Since its introduction in 2015 — and subsequent award for Best Calendar Watch at the 2016 GPHG — MB&F’s Legacy Machine (LM) Perpetual has run the gamut of case materials in its various incarnations, all of them very limited in number — rose gold, white gold, platinum, and titanium. For the latest, founder Max Büsser (the “MB”) and his talented team of “friends” (the “F”) have turned to a more classical precious metal, 18k yellow gold, pairing it with an of-the-moment blue dial for the latest 25-piece limited edition of the LM Perpetual.

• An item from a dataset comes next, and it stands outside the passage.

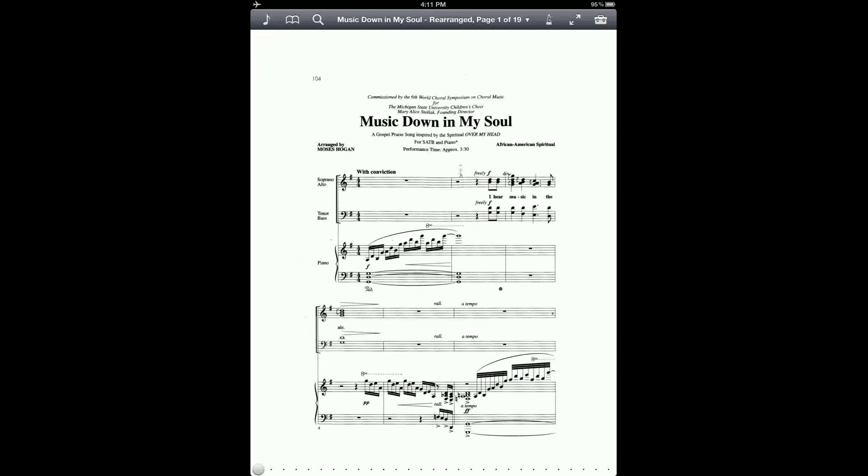And now I've got my rearranged version of the score in front of me. You can see in the title bar, the original score was 10 pages and now I have 19 because I made copies and put them in a different order.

Designed and developed in cooperation with Irish independent watchmaker Stephen McDonnell, the Legacy Machine Perpetual not only boasts a high-complication movement built entirely from the ground up — no base caliber, no module — but also puts its revolutionary design on full display on the dial side, ensconced beneath a large suspended balance. The manually wound, 581-part caliber in the LM Perpetual differs from traditional perpetual calendar movements in a few significant respects. Instead of using a 31-day month as the “default” and fast-forwarding through the unnecessary days in the shorter months, as is the common system, it uses a default 28-day month (as in a non-leap-year February) and adds extra days as required, thus no skipping ahead of dates, which has the potential to jam gears. Traditional perpetual calendar mechanisms can also be easily damaged if the owner makes an inadvertent adjustment while the date is changing; in MB&F’s caliber, the adjustment pushers automatically deactivate during calendar changes, so this risk is avoided.
The movement accomplishes these feats with the use of a “mechanical processor” in place of the grand levier (big lever) system more commonplace in perpetual calendar calibers, which also drives the leap-year adjustment by means of a simple quick-set pusher. The huge balance wheel oscillating on the dial side is connected to the escapement in the back via an extra-long balance staff (probably the world’s longest, according to MB&F); under that massive balance are the subdials, which appear to float above the exposed mechanisms beneath them. At 12 o’clock, framed by the arches of the balance bridge, the hours and minutes are displayed on a traditional white subdial with Roman numerals and blued hands. Moving clockwise around the dial, the three other skeletonized subdials, mounted on hidden studs, display the day of the week at 3 o’clock, the month at 6 o’clock, and the date at 9 o’clock. At 4 o’clock is an arc-shaped indicator for the watch’s 72-hour power reserve and at 7 o’clock, another indicator for the leap year, equipped with a retrograde hand.
The back of the 44-mm-diameter, 3N yellow gold case has a sapphire exhibition window, with the same nonreflective coating as the front crystal, offering a view of the movement’s rear side, notably its double mainspring barrels and the haute horlogerie decorations on its bridges, including côtes de Genève, polished bevels and angles, and hand-made engravings. The case — itself comprising no less than 69 parts — is mounted on a hand-stitched alligator strap with a yellow-gold folding buckle. Its U.S. retail price is $167,000.